Now for a long time, we have believed that a sales price is NOT controlling of market value. The Pennsylvania Supreme Court agrees and has held that sale prices can be persuasive but are not the only factor in determining market value. People often pay more or less for homes for a variety of reasons.

A sale price cannot, however, be ignored. The sale price is still one of the best pieces of evidence to determine market value. The new 2013 Allegheny County tax assessments are consistently below the sale prices and lead us to believe that such an outcome was premeditated by the county.

While assessing most recent home-buyers at 80-95% of their purchase price is a great idea for limiting appeals, it defeats the entire purpose of why the Allegheny County tax assessment was ordered in the first place.

The Fix Is In

fix is in

Over the last 3 months, we have spent considerable time analyzing and reviewing new assessments for property owners. Unlike the 2001 Allegheny County tax assessment -- when we believed 7/10 homeowners were over-assessed -- the converse is now true. The reason is politics. The “fix was in” – in order to limit appeals.

When examining areas like Upper St. Clair, Mt. Lebanon, Sewickley, Sewickley Heights, Collier Township, Fox Chapel, Ben Avon Heights, and Pine, there is one consistent fact: most recent home-buyers are assessed less than their purchase price. In some cases, it is outstanding.

In Sewickley, a property sold three times between 1998 and 2007. Each sale was above 1.6 Million, with sales of almost 2 Million in 2004, and in 2008. The new 2013 assessment is 1.3 Million.

In Sewickley Heights, a property recently sold for 1.85 Million. The new reassessment is 1.2 Million.

In Ben Avon Heights, a property sold for almost $600 K in 2006. The new assessment is $335K.

In Sewickley, a property sold for 2.4 Million in 2009. The new assessment is 1.3 Million.

In Fox Chapel, a property recently sold for $735K, the new assessment is $565K.

In Upper St. Clair, a property sold for $650K in 2010, the new assessment is $475K.

In Mt. Lebanon, a property sold for $750K in 2010, the new assessment is $600K.

We have seen hundreds of examples that indicate a deliberate attempt was instituted to keep assessments under the sale price. If you go to any municipality where home prices average above $200K, and enter a street name, you will see that most recent home-buyers are under-assessed and in some cases dramatically. (Here is the court ordered website: http://www2.alleghenycounty.us/reval/Search.aspx).

The Problem


For years, we have thought that if someone wanted to fix the Allegheny County tax assessments, then they should simply assess everyone at 80-85% of their true market value. It would make it almost impossible for many people to appeal, and homeowners would feel as though they were being treated fairly.

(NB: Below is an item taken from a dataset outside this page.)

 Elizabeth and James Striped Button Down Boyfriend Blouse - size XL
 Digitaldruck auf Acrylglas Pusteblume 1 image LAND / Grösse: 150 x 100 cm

Here is the problem. This reassessment was based upon 100% of fair market value as of 1/1/12. This means that properties should be assessed at 100% of market value, not 80-85% or less.

By assessing properties at less than fair market value, the county is deliberately discriminating against lower income neighborhoods and gives more affluent areas an additional tax break.

What may be even worse is that some school districts have indicated that they will now appeal any property which is $15,000 or more under the sale price but only -- and this is key -- in some school districts (e.g. if a property recently sold for $300K, and was assessed at $285K, some school districts appear to be filing new 2013 appeals).

So once again, we will have gross inconsistency across the board whereby property owners will be treated differently based upon the school district in which they live. Recent home buyers will also be penalized in some instances, as individuals who purchased their homes many years ago are not as likely to be appealed this year, simply because there is no recent purchase price on the property. In our opinion, this will violate the uniformity provisions of the Pennsylvania State Constitution.

We believe the county deliberately worked to limit appeals. There is no other rational explanation as to why so many properties would consistently be below their sales prices throughout Allegheny County.

While we like the idea of giving tax breaks, this is not what the court ordered. This is going to create real problems for some homeowners and further increases the lack of uniformity among taxpayers depending upon where they live.